Electricity generation companies in Nigeria have described as premature the call by the Nigerian Senate for the cancellation of the power sector privatization.
The companies said rather efforts should be made to address the structural and fiscal challenges facing the sector.
The companies in a statement on Sunday in reaction to the Nigerian Senate call for the reversal of the privatization process, said failure to expand transmission and distribution capacity, coupled with the non-payment of power generated by them were at the heart of the sector challenges.
The GenCos held that they were owed about N1 trillion for power generated and supplied since privatization in 2013.
“Worthy of note is that the weak transmission (Grid) and distribution network inherited from the PHCN days are still very much in existence and are not complementing our efforts in maximizing our respective available capacities to the benefit of the Nigerian populace.
“The maximum capacity attained by the national grid ever is 5,375 MW as opposed to the current overall average available capacity 8,589 MW and installed capacity of 13,427 MW with an expansion capacity of 20,000MW in an enabling environment.
“Average stranded capacity that could have been made available to Nigerians in the light of maximum attained grid capacity is an average of 3,214MW. This implies that if we had a grid capacity that matches our average available capacity, 3,214 MW can be immediately made available to Nigerians with the current state of operations of the GENCOS and at no additional cost”, the companies stated.
On their performance since November 2013 when the sector was privatized, the companies stated: “Part of the obligations imposed on the owners of the GenCos at the point of privatization, was meeting of a minimum performance target (MPT) of 5,000MW set by the Federal Government of Nigeria (through BPE) for the GenCos. Each GenCo was mandated to increase the generation capacity of its plant to a threshold set by the Federal Government within 5 years.
“The penalty for not meeting the MPT was a possible takeover of any defaulting GenCo by the government.
“Notwithstanding the non-payment of GenCos’ invoices for power supplied to the national grid, the GenCos took loans and other credit facilities to fund the capital expenditure required to meet the MPT by ramping up capacity.
“It is very important to stress that The GenCos have doubled their available capacities from 4,214MW at takeover in 2013 to 8,145MW in 2020. Out of the 8,145MW available capacity, only 3,987MW is generated for Nigerians. The balance 4,159MW is stranded as a result of constraints in the national grid capacity.

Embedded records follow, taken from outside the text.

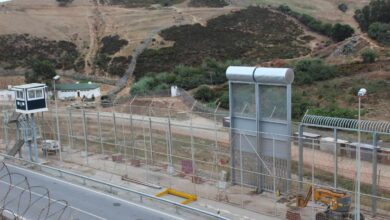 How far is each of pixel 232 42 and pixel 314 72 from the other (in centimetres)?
3657

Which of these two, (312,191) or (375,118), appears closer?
(312,191)

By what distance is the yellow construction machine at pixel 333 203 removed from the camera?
1894cm

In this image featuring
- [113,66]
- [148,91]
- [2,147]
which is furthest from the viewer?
[113,66]

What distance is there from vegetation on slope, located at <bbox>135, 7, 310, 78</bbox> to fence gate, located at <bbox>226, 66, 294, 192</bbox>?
59.0 metres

GenCos in addition to acquiring the assets for over $1 billion, have invested heavily in ramping up nameplate capacity through frequent maintenance, minor and major inspections and also major overhauls. GenCos since November 2013 have spent circa $1 billion to ramp up capacity not only to meet the performance target set by the government but to act responsibly in the provision of power to Nigerians and also to maximise their return on investments in order to fulfill their obligations to the financial service providers for their respective acquisitions”.
The generation companies therefore called for “urgent review of the Electric Power Sector Reforms Act (EPSRA), the Multi-Year Tariff Order, Orders made by NERC so far, Policies, Market Rule and other governance document in the NESI;
“Conduct a viable and independent stress test on the Generation, Distribution and Transmission capacities to enable us plan proactively and build the sector.
“Immediate separation and unbundling of the Independent System Operator (ISO) and Transmission Service Provider (TSP) from the existing Transmission Company of Nigeria (TCN) to drive efficiency in the wheeling and allocation of power.
“Provide local/foreign guarantees (backed by World Bank/AFDB) to enhance guaranteed payment plan for GenCos to enable them improve generation and implement expansion plans (for power growth).
“Ensure that there is transparency in the billing, collection and remittance as well as develop a viable metering framework to improve collection efficiencies”.
They called for the liberalisation of the “market to create market confidence and ensure the viability and credit worthiness of the power sector.
“Ensure Effectiveness of all market agreements, firm monitoring and enforcement of the rules by the regulator on “all market participants.
“Ensure that the monitoring and enforcement agencies in the sector procure and improve data quality to enable efficiency and improved future planning and projection (by section 55: sub 3, the NASS and the Presidency have a monitoring role in the Power Sector by reviewing the quarterly reports from NERC on its activities)”.